As Bower sees it, the biggest roadblock to increasing production is Government price-control policy that "discourages the formation of the capital necessary to expand supplies, inhibits sensible planning and encourages wasteful consumption." Roadblock No. 2: Endless delays in the leasing of federal oil land, notably on the outer continental shelf, less than 5% of which has been let to oil explorers. Roadblock No. 3: The day-today uncertainty of Government regulation. State and federal rules are likely to change as often as every six months, making it virtually impossible to plan for long-term capital investments. Roadblock No. 4: Congressional threats to break up the oil companies. Though Bower predicted that pending divestiture bills will fail, he cautioned that such attacks distract the oil companies from the essential task of developing greater resources.

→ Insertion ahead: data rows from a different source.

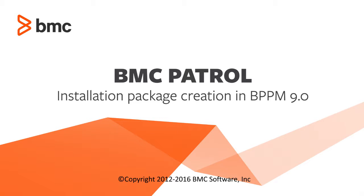Hi, my name is Chris Somerset and I'm the manager of the Solution Engineering team. In this video, we are going to walk through the process of creating a BMC Patrol Agent Package using the Central Monitoring Administration Console.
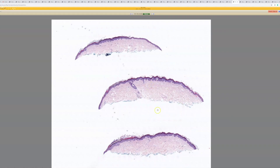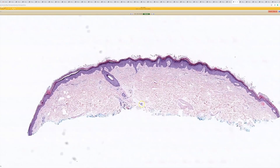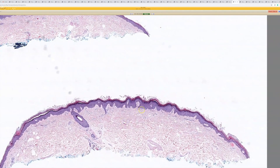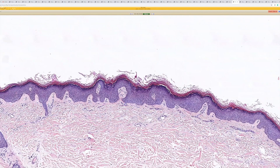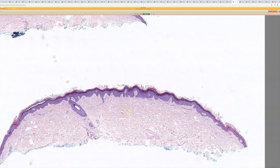This kind of looks like normal skin at low power, but closer in, there are some features of a wart. I think this is Verruca Plana. This is a very subtle lesion that from low power doesn't stand out as much.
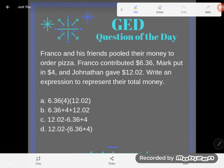Your GED math test has two big skills on it. When you boil it down, it's algebra and interpreting word problems. Those are the two biggest deals on the math test, and this is good preparation for both.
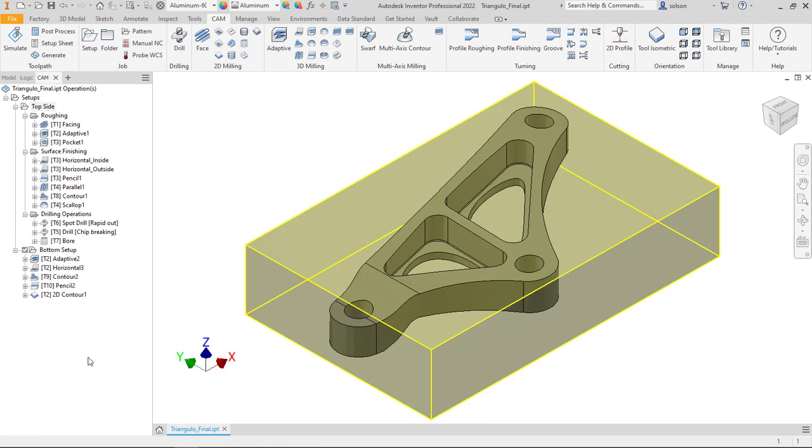Then we'll create different types of toolpaths, everything from a 2D facing operation, drilling operations, and creating templates for those. Also 3D adaptive, and we'll also do some scallop operations. We'll talk about roughing operations and finishing operations.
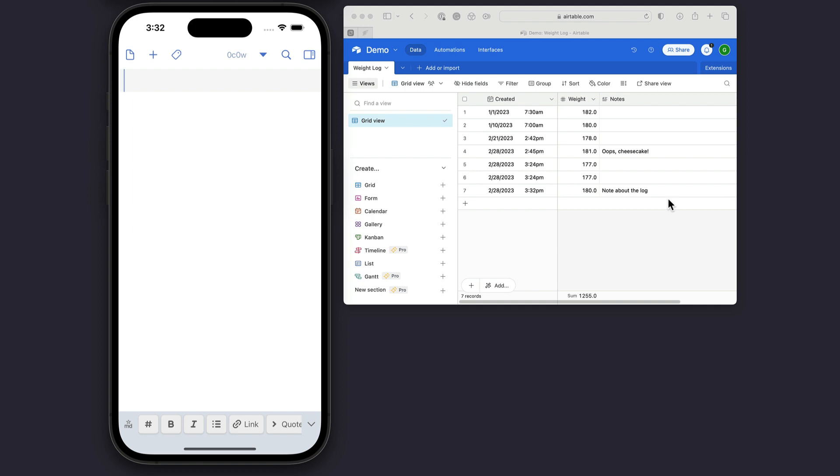And that's about it. That's how you can get started with Airtable integration with a simple logging example. And it'll save you some time from digging around, finding the right thing, creating a new record, etc.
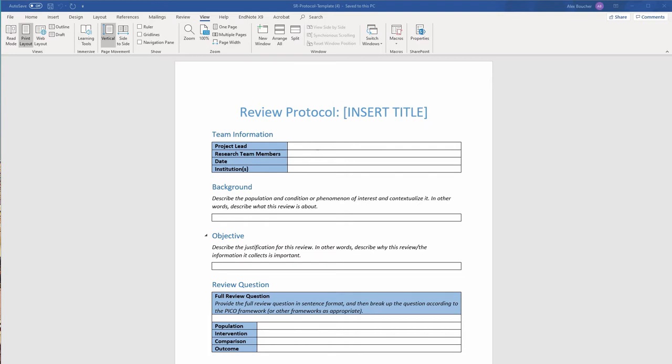Here, you'll explicitly document all major aspects of your upcoming review. Your background, objective, and review questions should be clearly stated so that your review team stays focused on the original research question.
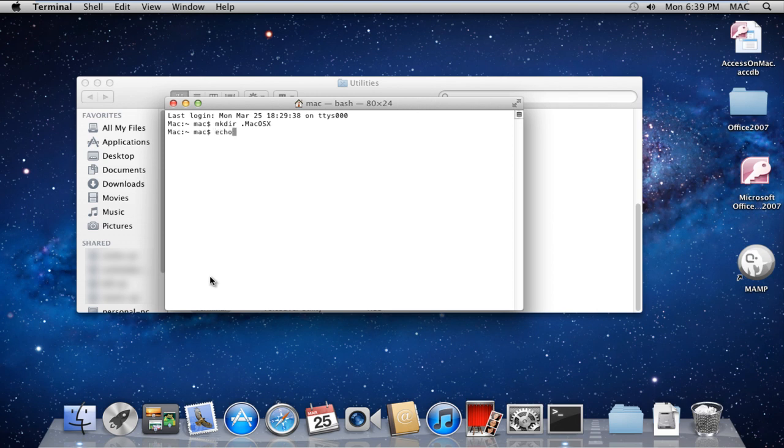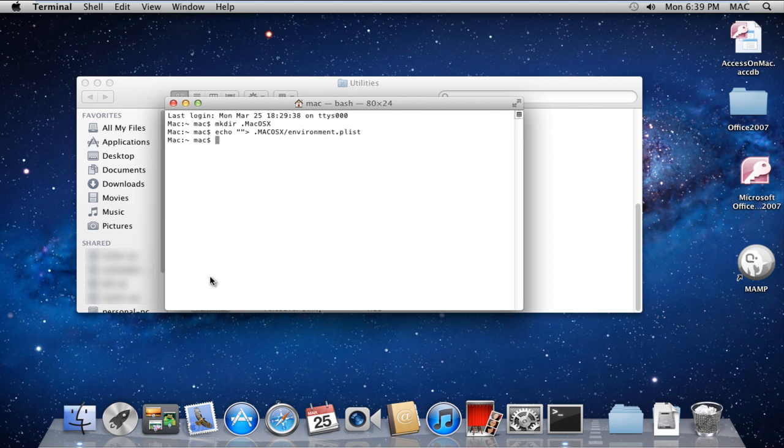Now type the command echo .macosx.environment.plist and hit Return. This will create a file called Program List. Make sure that this is hard-coded so that no data is lost while making changes.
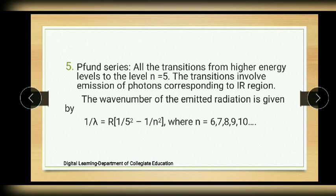The fifth one is the Pfund series. It is formed due to the transition of electrons from higher energy levels to the level n = 5, and this involves emission of photons corresponding to the IR region.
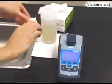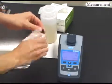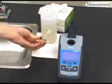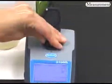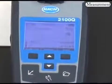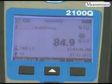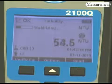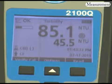Hold the sample cell by the cap and wipe clean with a lint-free cloth. Invert the sample cell a few times, insert it into the cell compartment, and immediately press the read key. The 2100Q shows the calculated RST value while displaying intermediate results below.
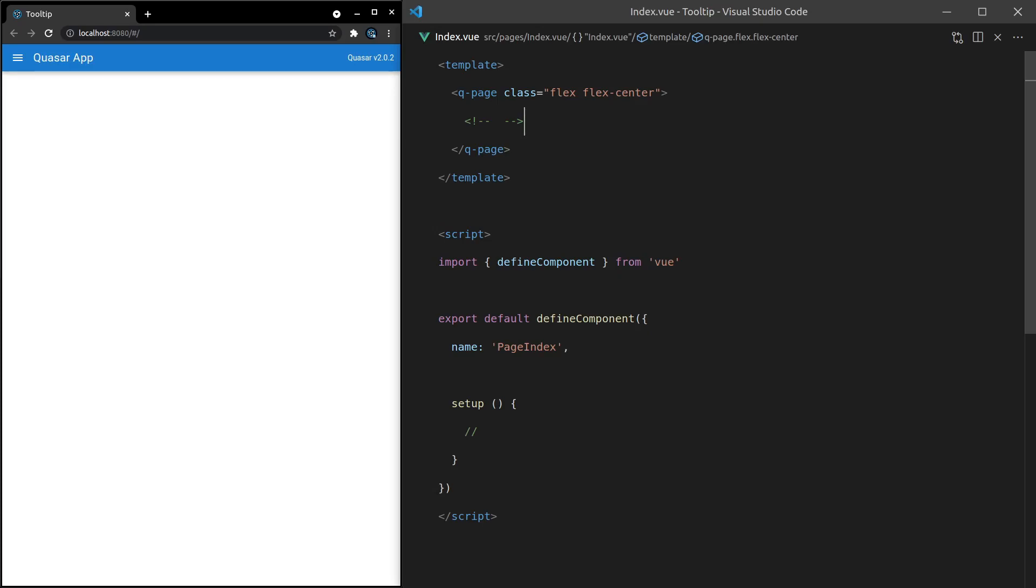Quasar's tooltip component is really well thought out. You just whack it inside the component you need a tooltip for as a direct child, and everything just works from there.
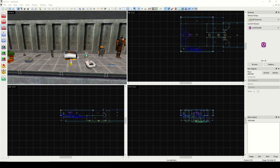Welcome back to our next tutorial for making Half-Life maps in Jack. Last time we did point-based entities and today we'll be doing brush-based entities.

Edwin Phelps, president of Peabody Coal Co., said that last year the coal industry could have mined 60 million or 70 million tons more than the 660 million that it did produce. Phelps was confident that under the proper conditions, the industry can meet the President's goal of doubling coal production within ten years. "But," he cautioned, "it is going to take all the underground coal, all the surface-mined coal, all the coal in the East, the Midwest and the West."

"Unquestionably, coal and uranium must be the dominant fuels for electricity generation well into the next century," declared Clyde A. Lilly Jr., president of Birmingham, Ala.-based Southern Company Services, Inc. He predicted that electricity would become an ever more vital form of power. "The electric commuter car," he said, "is almost certain to play an important role in the future."

Like the other energy industries, public utilities are also being strangled by what Lilly termed "regulatory overkill." He pleaded for simplified procedures for the licensing of power-generating nuclear reactors. Because of myriad environmental and other requirements, it now takes up to eleven years to complete a U.S. nuclear power station. The Japanese do it in 3½.